Accounting Professional Training (APT), is a South African training company that provides a range of professional programs helping the students to qualify as Chartered Accountants.

Problem

Students in APT are engaged in taking exams where they analyze multiple (from 6 to 9) different business cases. Efficient and timely processing and grading of exam scripts is a unique feature of APT business.

However, large-scale quarantine measures imposed in 2020 in most countries led to the new challenge: when a student takes exam from home, it becomes almost impossible to spot and prevent plagiarism. With a typical number of students taking each exam ranging from 1000 to 2500, it is unfeasible to check all pairs of works for possible plagiarism.

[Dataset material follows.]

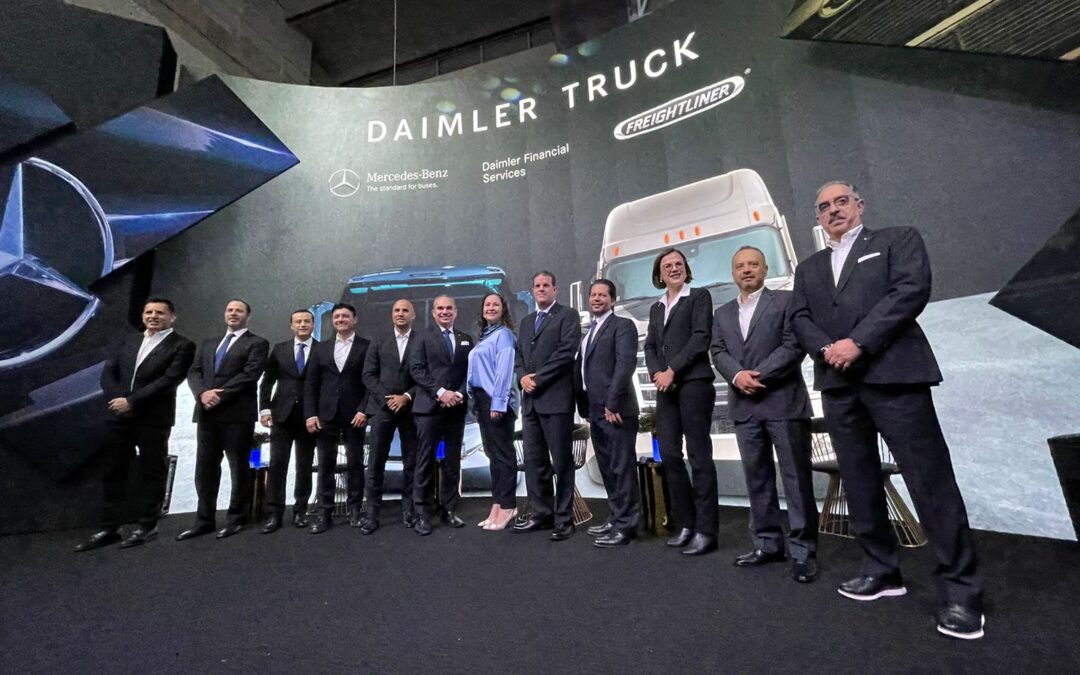 Lanza Difrenosa apuesta por camiones ‘verdes’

This situation is not properly addressed by existing anti-plagiarism solutions, that are focusing on finding parts taken from published sources, for example from scholarly articles, or web resources such as Wikipedia, but not on detecting plagiarism during an online exam. Moreover, with texts often containing ‘natural’ identical parts, for example standard conversational formulas, accounting jargon phrases, and citations from laws, the mission is becoming nearly impossible.

Solution implementation

To address the APT issue, Silk Data experts implemented an antiplagiarism solution based on the document processing and analysis platform. The solution consisted of a custom preprocessing of PDF formats used by APT, text comparison engine, and visualization of results for analysis.

To find similar texts, two algorithms were selected: search for verbatim copied pieces of text, based on finding common triplets present in texts, and ‘vector’ or semantic representation of text meaning, aimed on detection of paraphrases. The latter representation is based on Silk Data proprietary Semantic map technology.

Because the exam scripts may contain legitimate common pieces, the final solution acts more like a filter: it locates suspicious pairs of documents that reach a specified similarity threshold. After such filtering, it only takes a couple of hours for a human professional to manually review 20-30 pairs of documents.

Another complication faced during implementing the plagiarism detection system is that different students produce varying document length (typically, from 20 to 55 pages), but the plagiarized parts can be just about a page to be decisive for APT’s evaluation. To address this challenge, the comparison of scripts was performed on pieces of documents: pages for verbatim plagiarism and semantically uniform parts as determined by the custom AI model.

The last major feature of the solution is visualization of results for easier analysis. Different comparison approaches lead to different visualization methods accordingly. Analysis of verbatim plagiarism uses highlighting of common passages of text (is similar to what text processing suites use to compare documents):

Paraphrase detection shows the most similar words (not necessary present in text (see picture below).

(these examples are based on A Corpus of Plagiarised Short Answers, as collected by team of researchers from the University of Sheffield, see http://ir.shef.ac.uk/cloughie/resources/plagiarism_corpus.html)

Outcome

As a result of APT and Silk Data collaboration, APT was able to minimize the involvement of their instructors. Without automated text comparison provided by Silk Data, such analysis was impossible within reasonable timeframes.

The implemented solution can be easily implemented for similar cases in education and professional training. Silk Data technology is mainly task- and language-independent, therefore adapting it to other use-cases will only require support of specific document formats.